Future-focused businesses are adopting a data mesh architecture as part of their data and analytics modernization strategy to reach their business goals. And they're building it in the cloud.

Of course, there are always security, governance, and compliance issues to consider. If you have data in the wrong hands at the wrong time, this can lead to data breaches, hefty fines, and significant brand damage. So, what can you do to secure your business' data?

Before we explore the solution, let's recap some of the basics.

What is a data mesh?

A data mesh is essentially a decentralization of data that puts data management responsibilities in the hands of the people who are closest to it. With a data mesh, you can create data products for different personas and business units. This makes it far easier to meet the demands of your data stakeholders and improve data quality.

Building a data mesh supports the approach of data as a product. The data mesh will allow for relevant teams to take ownership of the data products – tailoring and updating them whenever necessary – and allowing access via a data catalog.

Common data mesh security challenges

Data security is always a top priority. And a data mesh comes with new – and some familiar – challenges:

  • Visibility: If you can't see who is accessing what data and when, you can't protect it. Unauthorized or unnecessary access is one of the biggest challenges of a data mesh – but if you can't see the problems, how can you address them?
  • Access: When you have the visibility, how can you make sure the right people have the right level of access? With so many data regulations across industries and countries, it's easy to misstep. After all, a user from marketing should not have the same level of access as other departments, such as HR.
  • Management: When data is a product, you need product owners.
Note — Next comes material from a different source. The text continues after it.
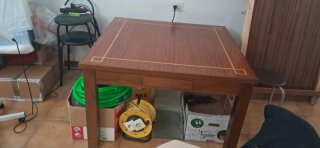 Mesa cuadrada de madera 1m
They must take ownership for visibility, access, and control. It's why the data catalog is so crucial – each user must have customized access to it.

The security solution

With these challenges in mind, it's easy to see why data leaders want clear governance, risk mitigation, compliance, and ownership of the data product lifecycle. Thankfully, we have five tips to help you better manage your cloud-based data mesh:

  1. Don't forget the fundamentals: You can still use many of the data policies and standards you've relied on in the past as starting points. For example, as the data owners create data products, show them the company processes and policies they will be following. And make sure to enforce them globally.
  2. Adopt a continuous security assessment approach: Whether it's today, tomorrow, or in the future, make sure you have a way to continuously assess the data mesh environment's security. And check the data solutions – including analytics workloads or machine learning models – your company relies on to use current and reliable curated datasets. If you don't, it could result in significant data drift, governance, and compliance issues.
  3. Adopt zero trust principles for your data mesh architectures: It's time for your security teams to implement a zero-trust approach for all data traffic and adhere to fundamental security guideline principles – including the principle of least privilege. The best advice is to look for a cloud security specialist who can guide you through this.
  4. Add extra layers: When it comes to security, the more layers of protection you put in place, the stronger your business' protection is. Consider a "defense in depth" approach including network security, microsegmentation, data encryption, and additional layers of authorization – among other measures – to fortify the security already in place.
  5. Monitor and log: Keep track of every action – and every red flag – across your data mesh. If something goes wrong, you'll know where to look, boosting your ability to act with agility. Remote updates and patching will also be essential.

These five tips are just the start. Your data mesh will continue to grow and evolve. Perhaps you want to add new analytics workloads or build new machine learning models. But you can only do this on a secure foundation, which is why you must put security at the top of your priority list.